Currencies

Rupee fall deepens against dollar amid oil shock and weak Asian market sentiment


The Indian rupee opened marginally weaker at 96.37 against the US dollar on Tuesday (May 19), compared with Monday’s (May 18’s) close of 96.35.

The domestic currency has now declined for seven straight sessions, losing around 2.2% during the period. Since the Iran conflict escalated in late September, the rupee has weakened by more than 6% amid rising crude oil prices and persistent risk aversion in global markets.

Currency traders said the pressure on the rupee remains largely driven by elevated oil prices and stronger dollar demand. Brent crude hovered near $110 per barrel in Asian trade as investors tracked developments around possible negotiations between the US and Iran over the conflict and the reopening of the Strait of Hormuz.

“Another day, another new high on dollar/rupee,” a currency trader at a bank said, adding that the current cycle of rupee weakness is unlikely to reverse without either a meaningful correction in crude oil prices or stronger dollar inflows into India.

Market sentiment remained cautious despite US President Donald Trump saying he had paused a planned attack on Iran to allow negotiations.

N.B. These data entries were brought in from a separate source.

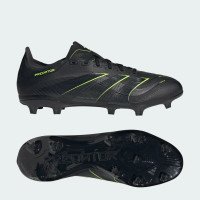 adidas Originals Predator League Kunstrasen neuerer Generation, Hart- und Aschenplätze Fußballschuhe (JI1118)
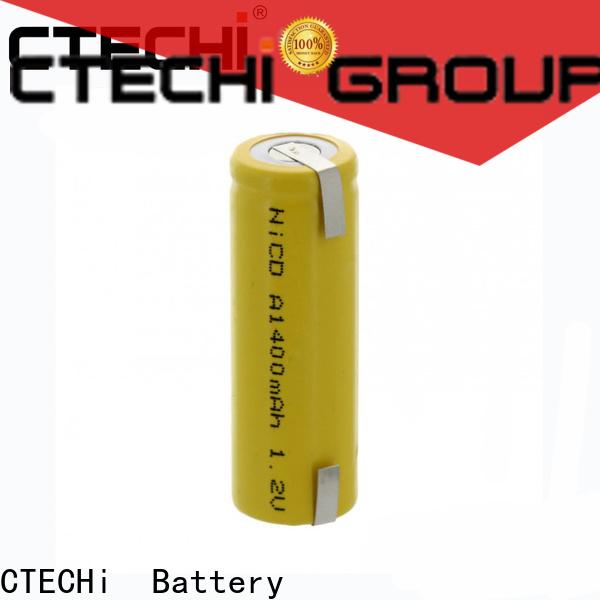 stable nickel-cadmium battery manufacturer for emergency lighting 1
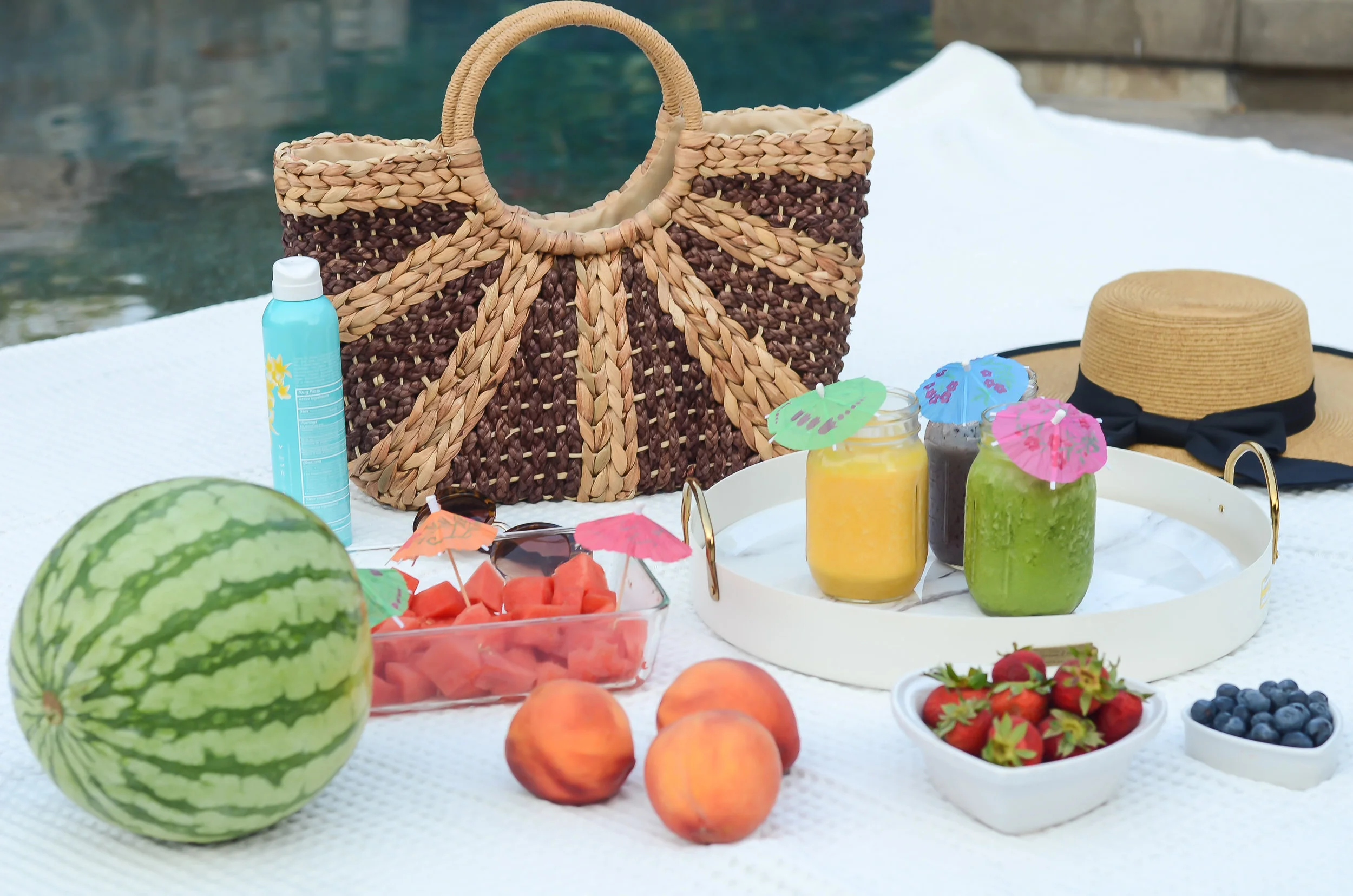 Milk&Eggs - Smoothies-7.jpg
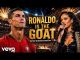 Rihanna – Don't Cry Ronaldo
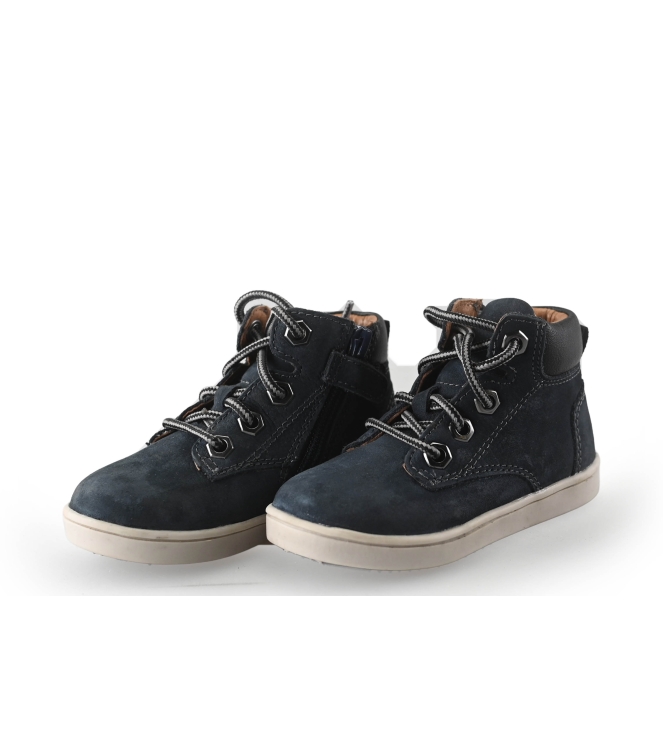Muyters Sneakers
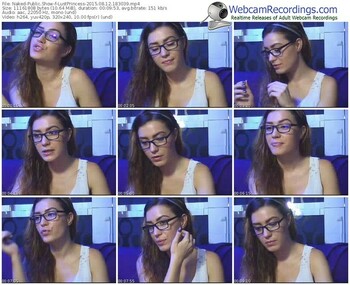 naked-lustprincess-public-show-08_12_2015-18_30_39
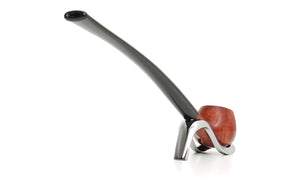 Savinelli Churchwarden 313 Smooth (6mm)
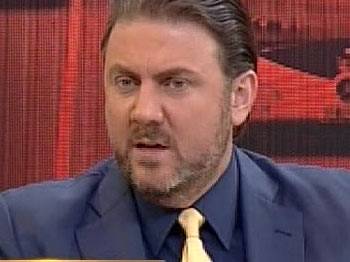 Yiğit Bulut: Bunların hepsi fantezi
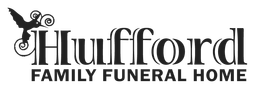 Hufford Family Funeral Home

US equity futures and Asian markets traded lower, weighing further on regional currencies.

Asian currencies also came under pressure from rising US Treasury yields, as investors priced in the possibility that persistently high oil prices could keep inflation elevated for longer.

Meanwhile, fuel retailers raised petrol and diesel prices in India by about ₹0.9 per litre on Tuesday (May 19), marking the second increase within a week, reflecting the impact of elevated global crude prices.